It was big politics news over the past week: A significant number of African-American officials, members of Congress, party officials, a lot of these people who are super delegates, who have been supporting Hillary Clinton … are now struggling with that choice. Some of them may switch and vote for Barack Obama at the Democratic convention.
This week's CBS's Face The Nation, examined the thought process about the superdeligates from inside the Clinton and Obama campaigns. Host Bob Schieffer spoke with David Axelrod, the chief strategist for the Obama campaign and Howard Wolfson, communications director of the Clinton campaign.

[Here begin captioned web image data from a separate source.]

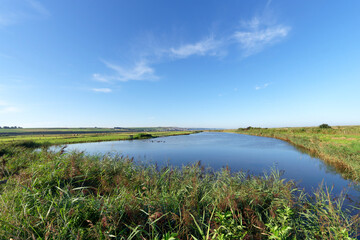 Swamps and meadows of the Hable of Ault in Picardy coast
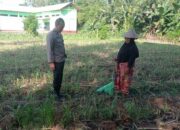 Kunjungan Humanis Bhabinkamtibmas di Kuranji, Pekarangan Jadi Sumber Pangan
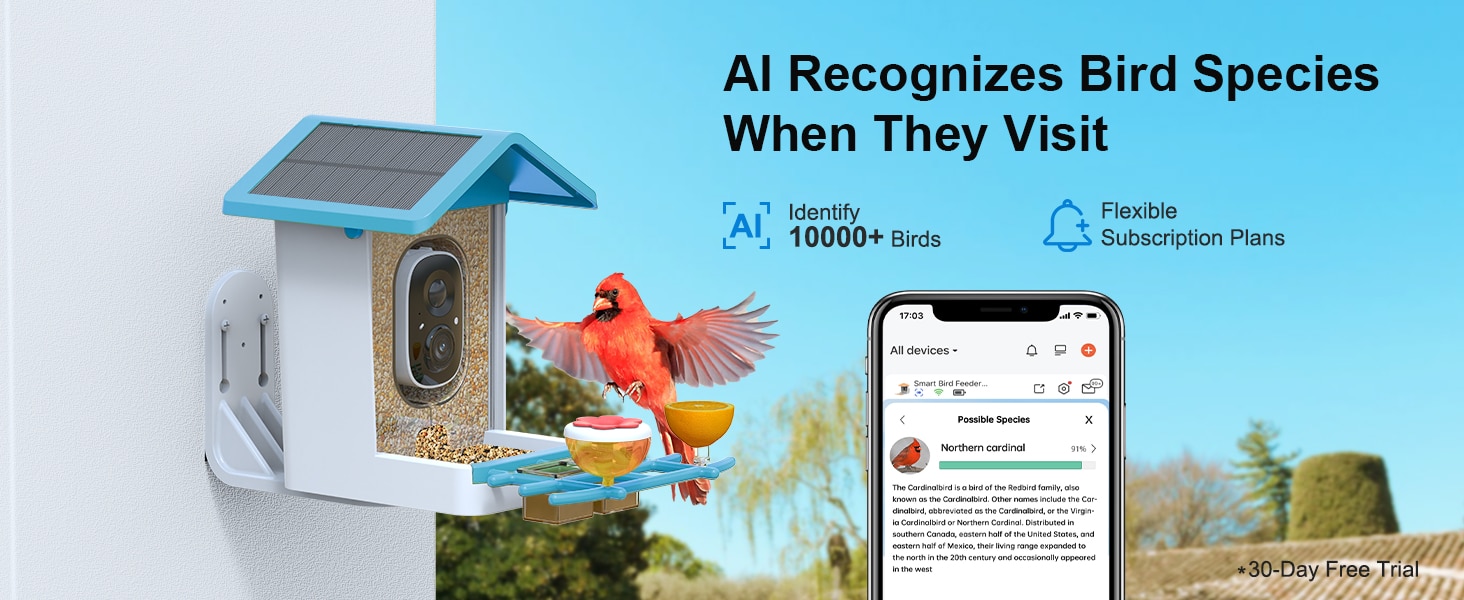 G02 firstrend best bird feeder blue - AI recognizes bird species when they visit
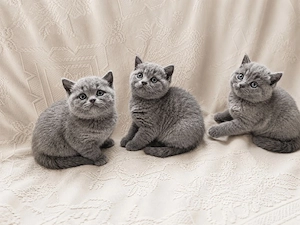 Wunderschöne reinrassige BKH Kitten  Farbe blue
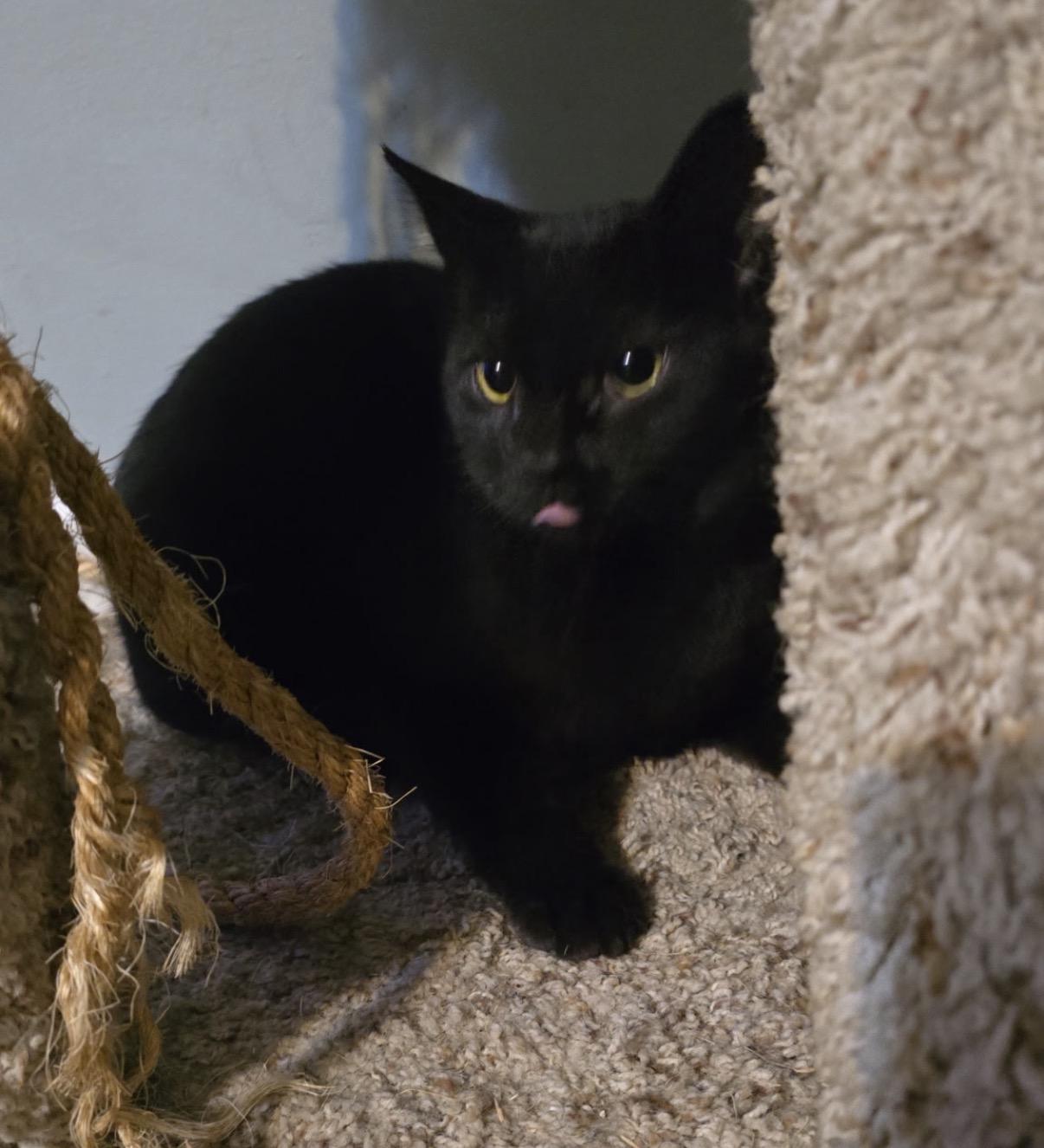 Tilly, Adoptable, Kitten Female Domestic Short Hair.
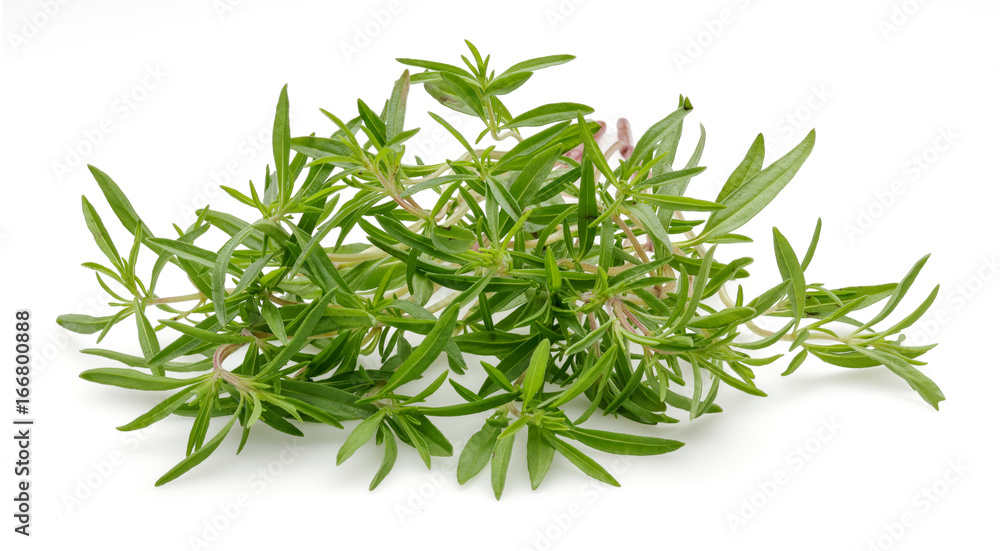 Thyme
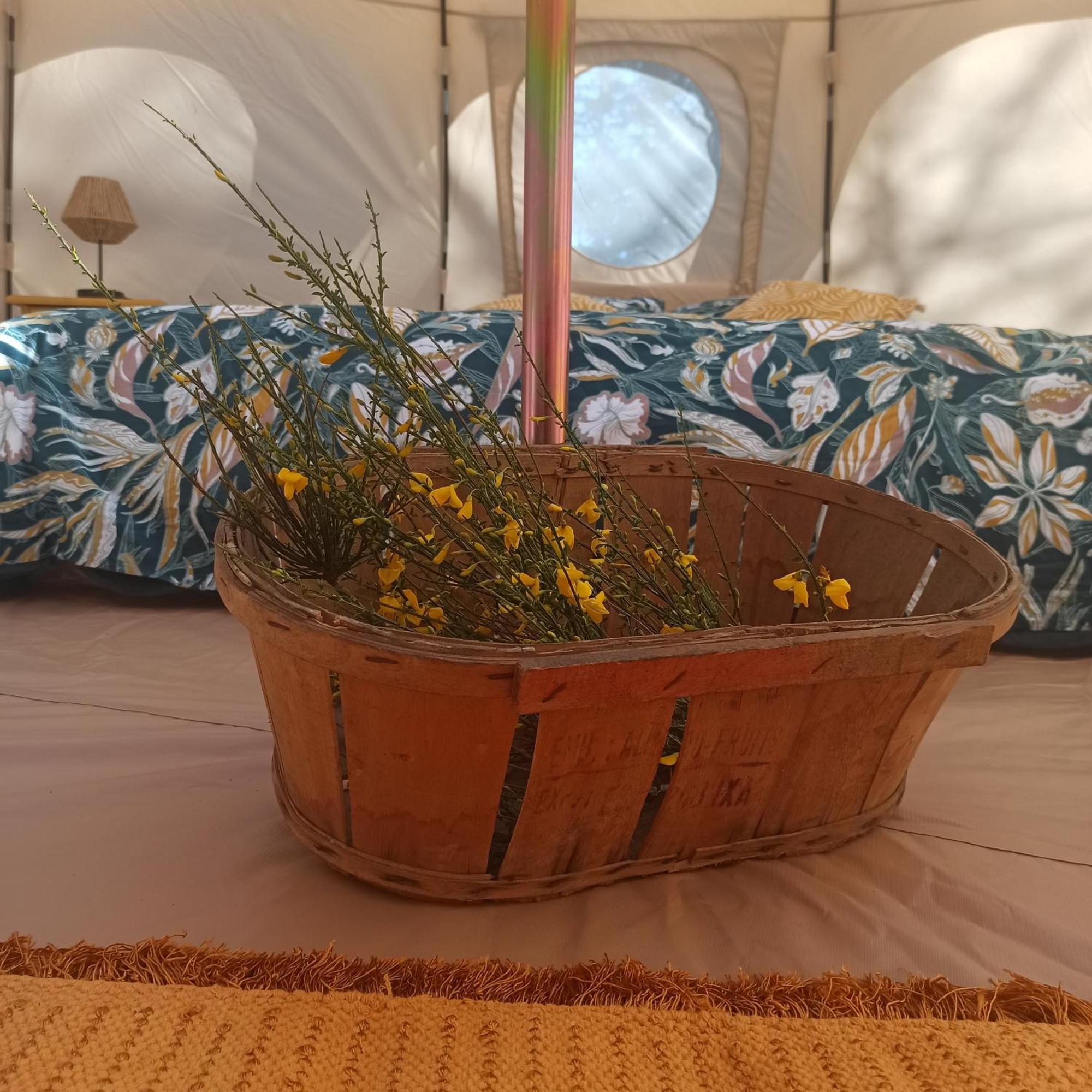 Eco Ceiba Hotel Busque Bagian luar foto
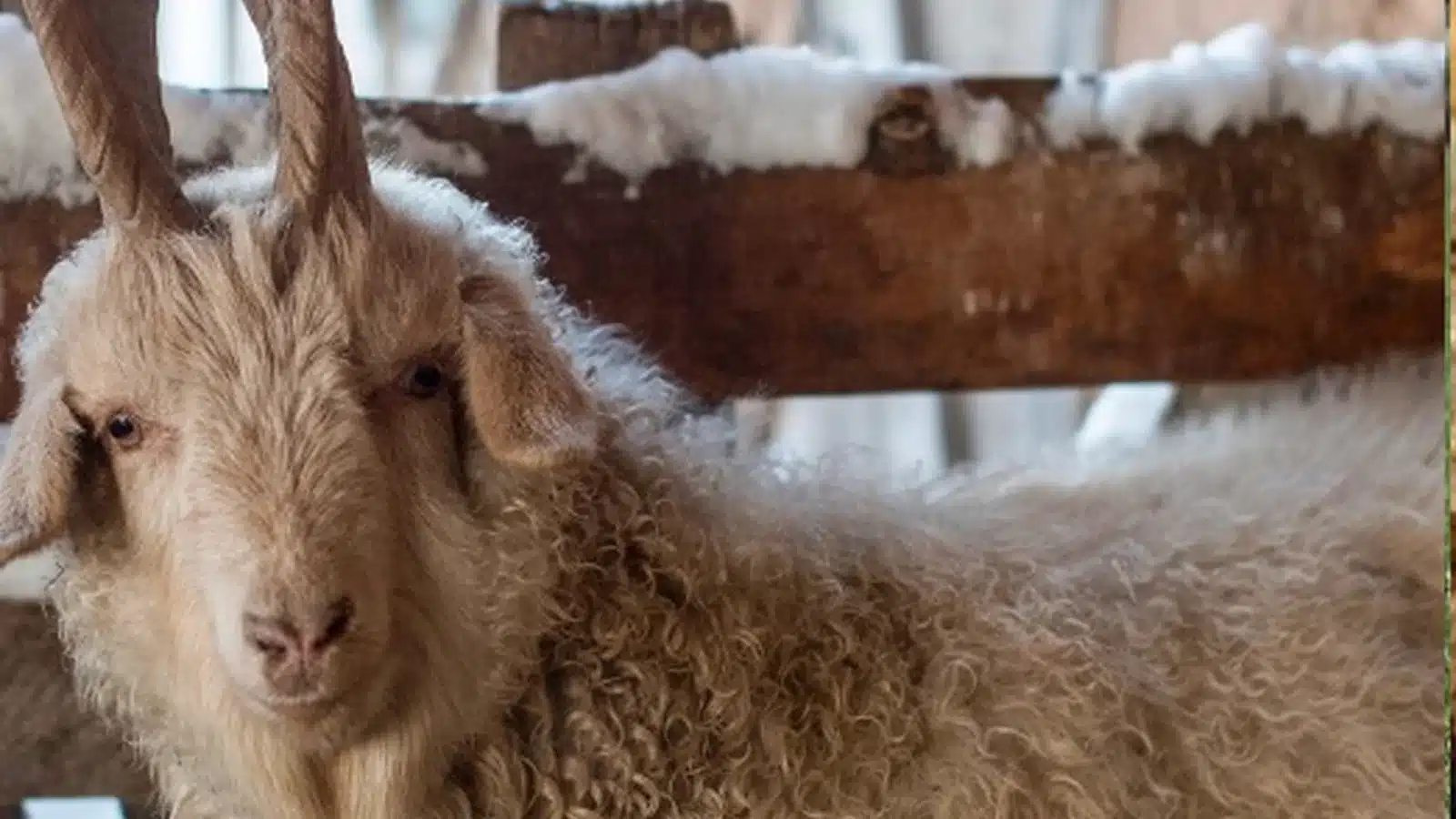 Orenburg Goat Breed Guide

"Our supporters, our superdelegates are staying with us," Wolfson said. "We're not worried about that."
Shouldn't it be a concern when the result of all of the primary elections across the country could come down to a decision decided by superdelegates?
"Well, look, this is a difficult decision for many in our party. We have two very strong candidates with real appeal. We think that our support is very strong. Our supporters, our super delegates are staying with us. We're not worried about that," Wolfson said. "None of the candidates, neither of the candidates will get to the number needed to secure the nomination, 2,025, without the support of super delegates."
Schieffer asked Axelrod about the funding behind Obama's campaign, should it be in for the long haul to November. But Axelrod said it is premature to discuss public financing for general election before nomination is decided.
"Bob, we're not backing away. What Sen. Obama said is, once the nomination is secured, we will sit down with Sen. McCain as the nominee, and we will talk this through," Axelrod said. "Let's get through the primary season, sit down. We obviously want … nobody's been stronger on campaign finance reform than Barack Obama."
Schieffer also brought two superdelegates onto the show: Los Angeles Mayor Antonio Villaraigosa, a Clinton surrogate, and Richmond, Va., Mayor L. Douglas Wilder. He's supporting Obama. Why?
"…it's a mistake for Bill Clinton to believe that there has been given to him this mantle of authority to be able to speak for and to and to be dismissive of African-Americans. And I think he made a big mistake, and I think he hurt Hillary in the process," Wilder said.
Villaraigosa disagreed, citing that Clinton "understands that we need to unite America" as a reason he supports her.
"I think that Hillary Clinton does that as well. I think she understands that we need to unite America, not just Democrats, Republicans and independents, black and white; every sector of the country," he said.